--- RECORDED INFORMATION ---
* * *
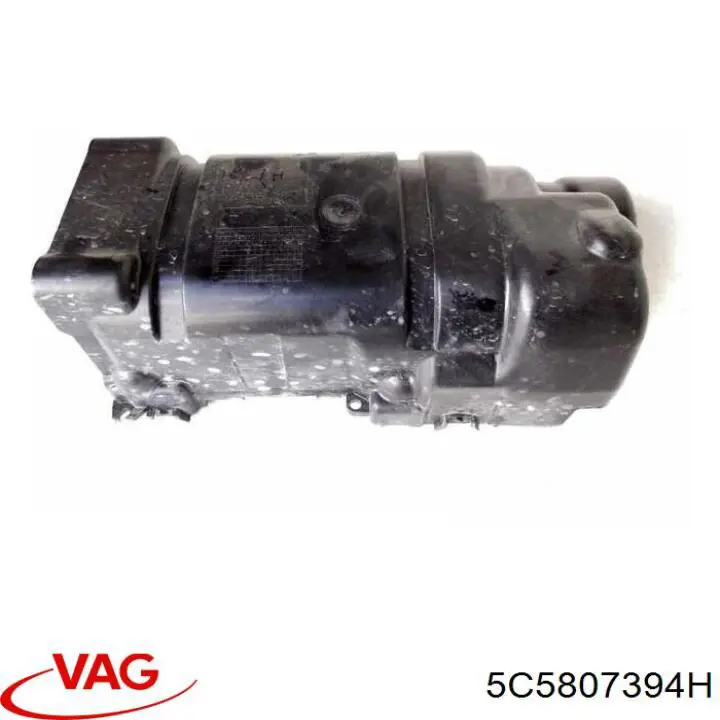 Правый кронштейн заднего бампера VAG 5C5807394H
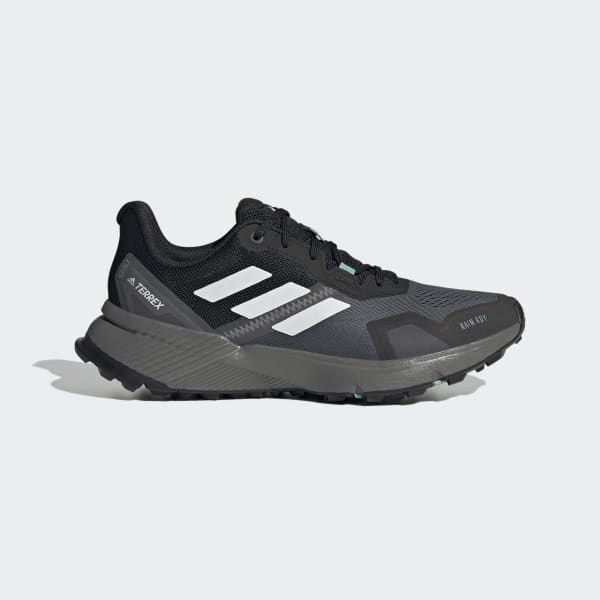 adidas Terrex Soulstride RAIN.RDY Trail Running Shoes - Black | women ...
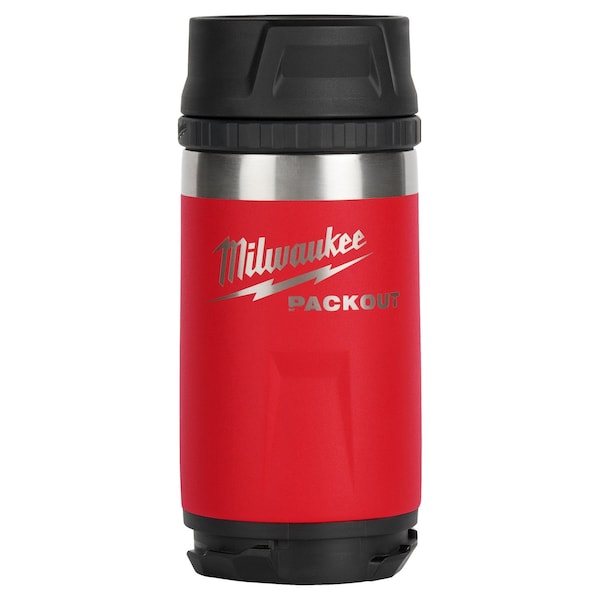 Milwaukee Tool PACKOUT 12oz Insulated Bottle 48-22-8391R - main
* * *
--- PROBLEM TO WORK ON ---
Give back the material above exactly as it appears, minus the pictures.

--- ANSWER BOX ---
 Правый кронштейн заднего бампера VAG 5C5807394H
 adidas Terrex Soulstride RAIN.RDY Trail Running Shoes - Black | women ...
 Milwaukee Tool PACKOUT 12oz Insulated Bottle 48-22-8391R - main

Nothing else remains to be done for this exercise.